Task instructions:
Could you restate, exactly and with nothing added, the lines from the start of the data through the line that holds "Memphis, TN 38120", leaving the pictures out?

Material to process:
╭──
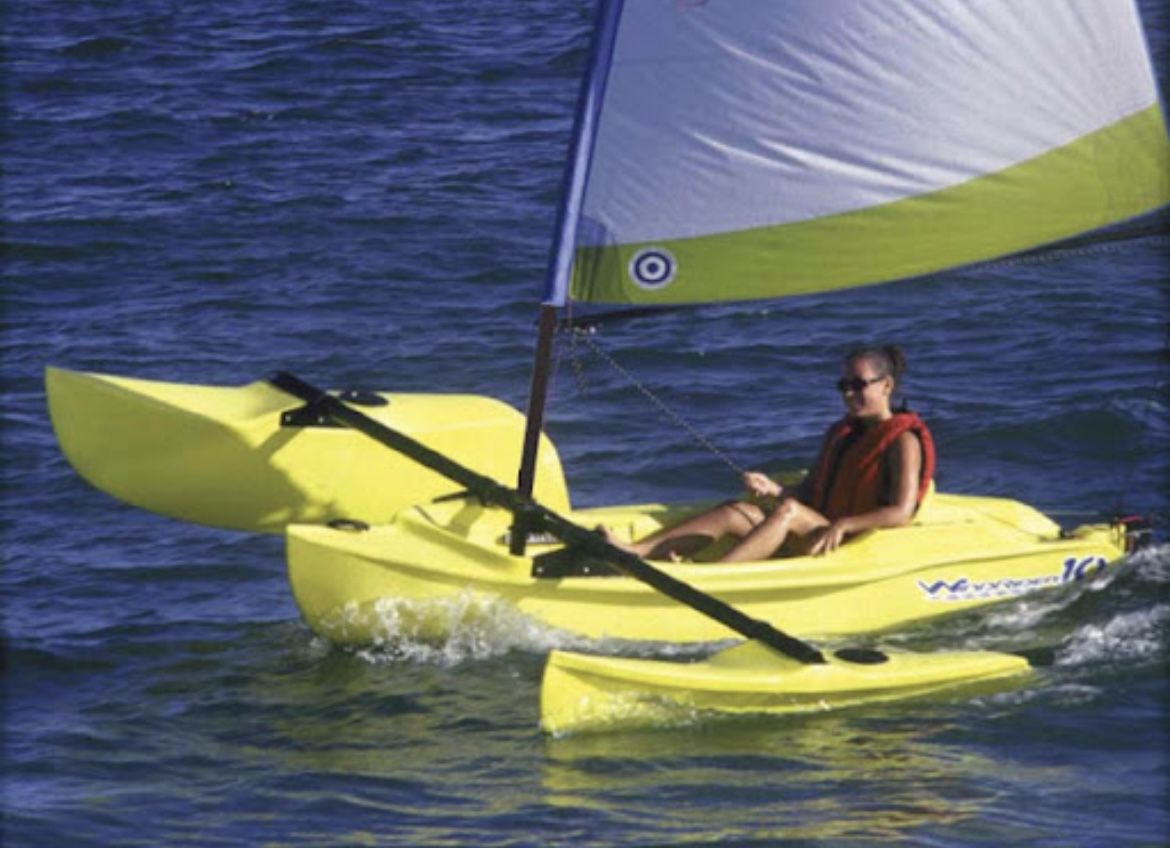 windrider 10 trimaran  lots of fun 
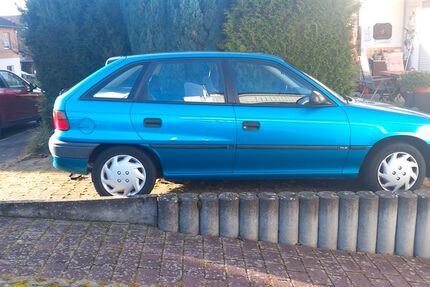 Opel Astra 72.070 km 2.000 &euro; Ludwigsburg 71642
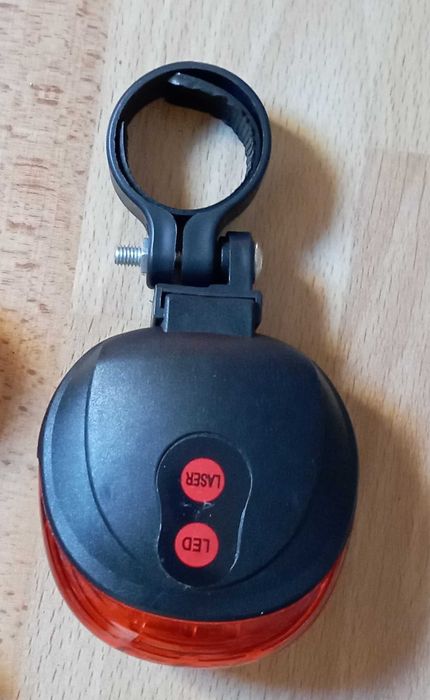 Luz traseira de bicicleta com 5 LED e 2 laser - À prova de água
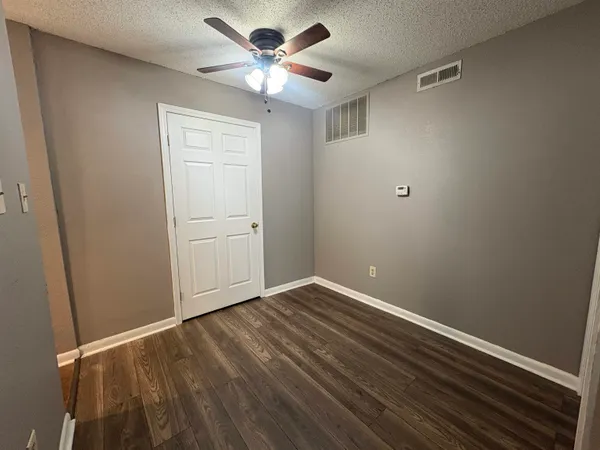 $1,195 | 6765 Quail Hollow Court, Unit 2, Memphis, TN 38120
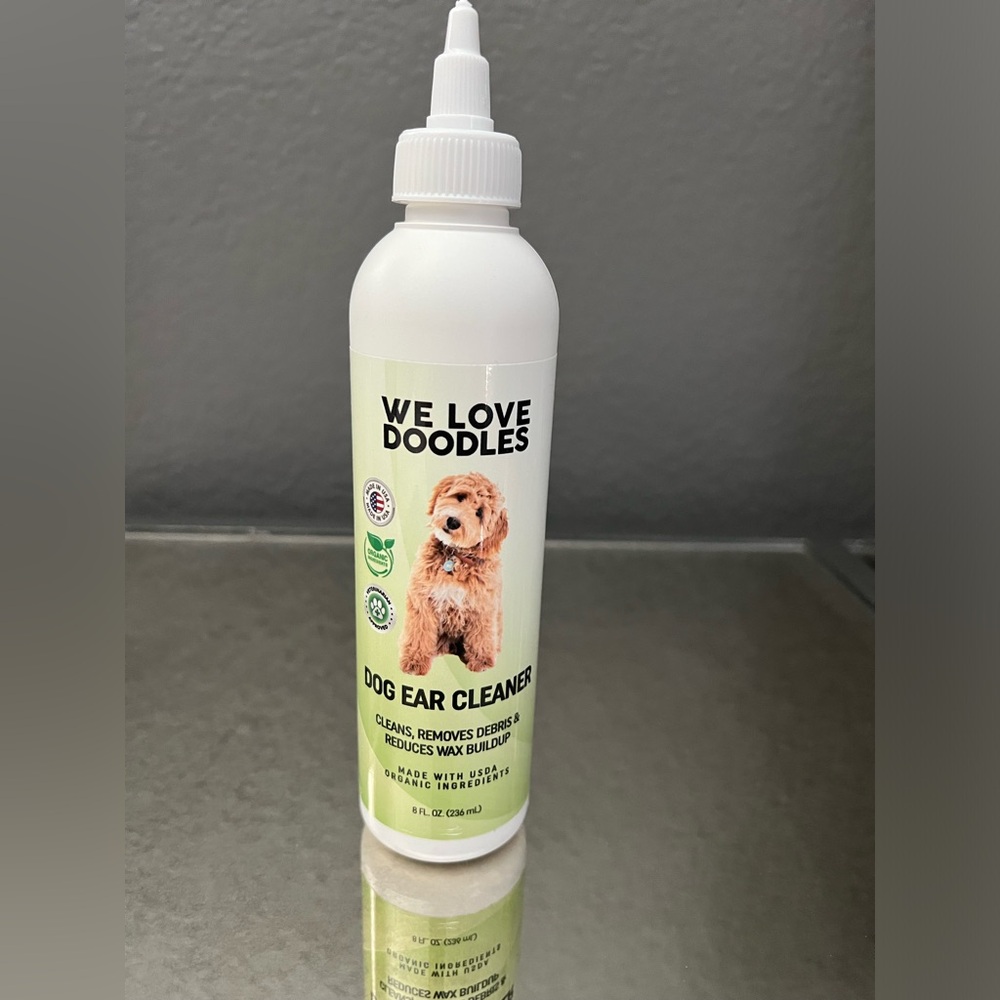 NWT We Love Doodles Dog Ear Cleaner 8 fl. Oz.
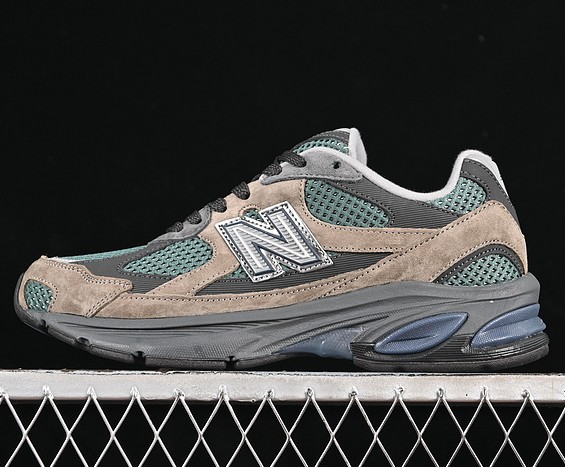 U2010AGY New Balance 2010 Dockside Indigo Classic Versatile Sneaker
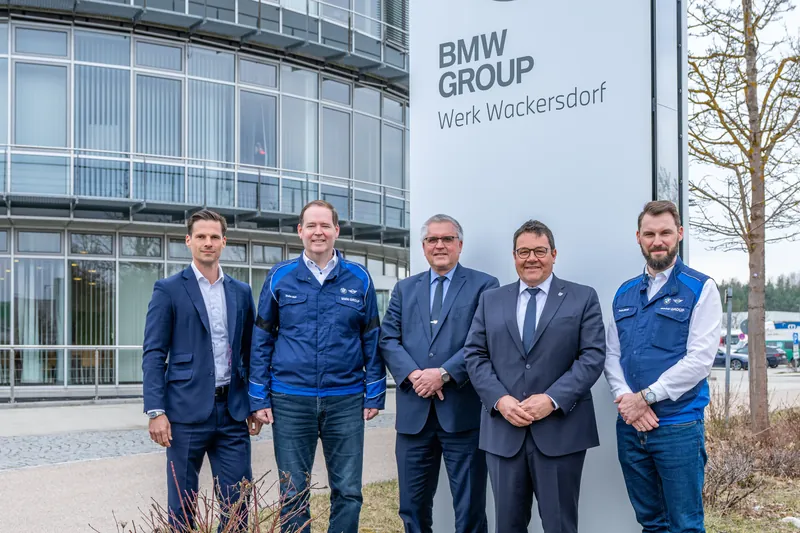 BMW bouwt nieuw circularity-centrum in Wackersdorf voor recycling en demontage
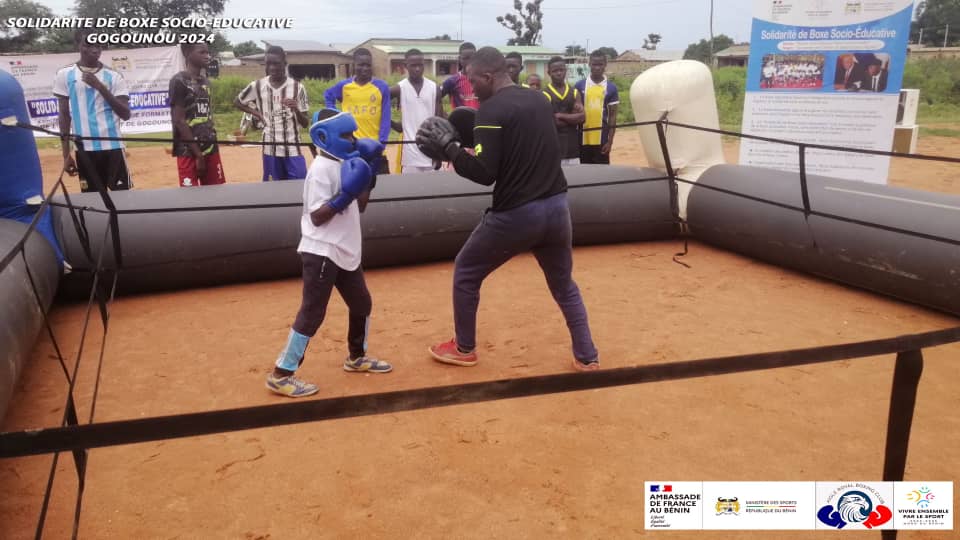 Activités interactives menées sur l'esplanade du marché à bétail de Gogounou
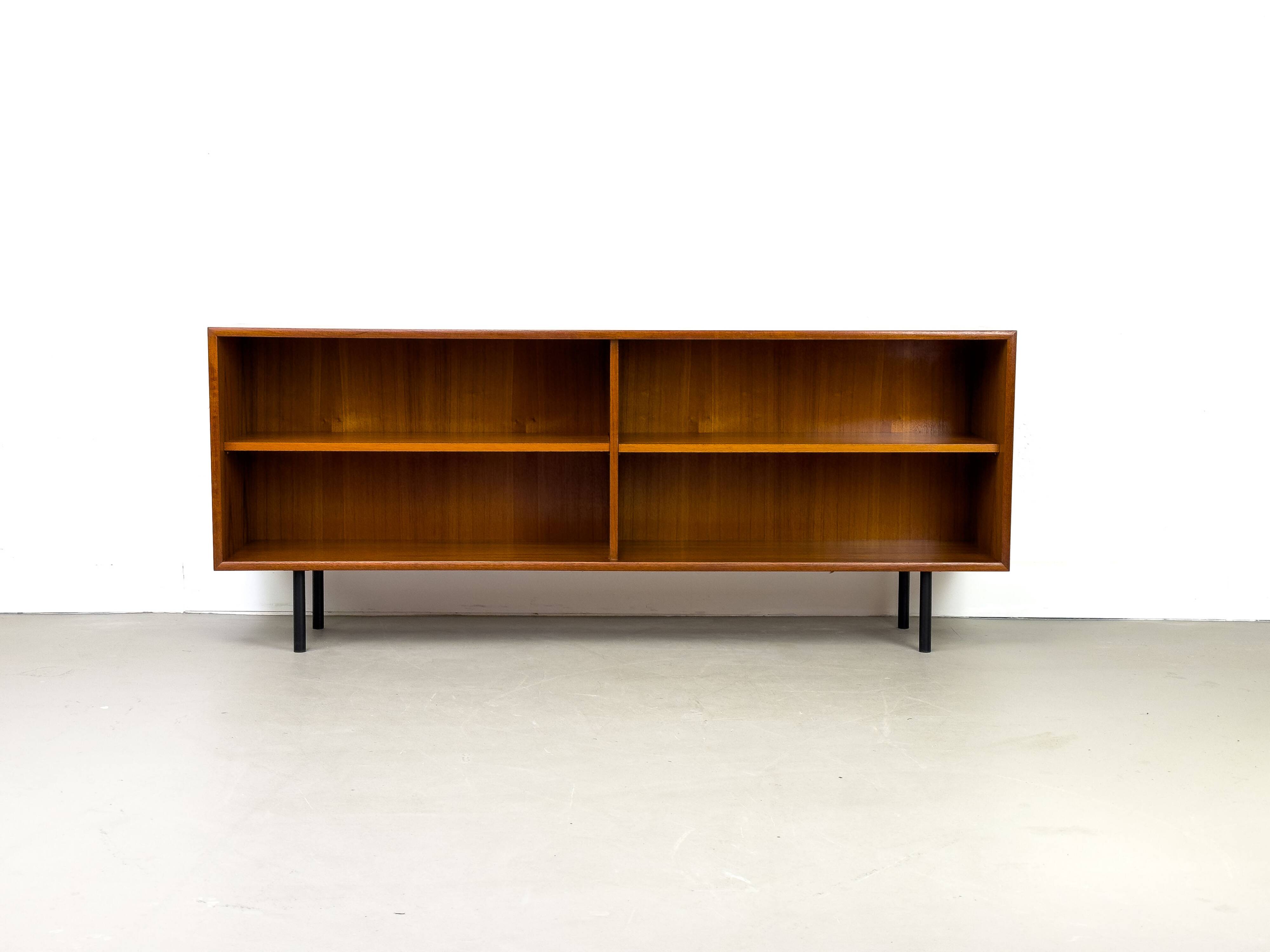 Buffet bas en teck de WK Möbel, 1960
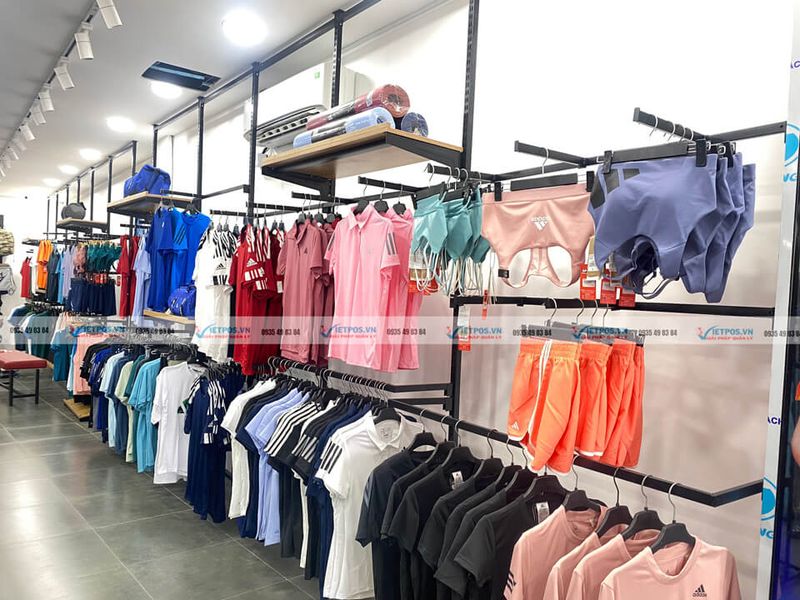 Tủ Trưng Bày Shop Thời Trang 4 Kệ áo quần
╰──
Exercise output:
 windrider 10 trimaran  lots of fun 
 Opel Astra 72.070 km 2.000 &euro; Ludwigsburg 71642
 Luz traseira de bicicleta com 5 LED e 2 laser - À prova de água
 $1,195 | 6765 Quail Hollow Court, Unit 2, Memphis, TN 38120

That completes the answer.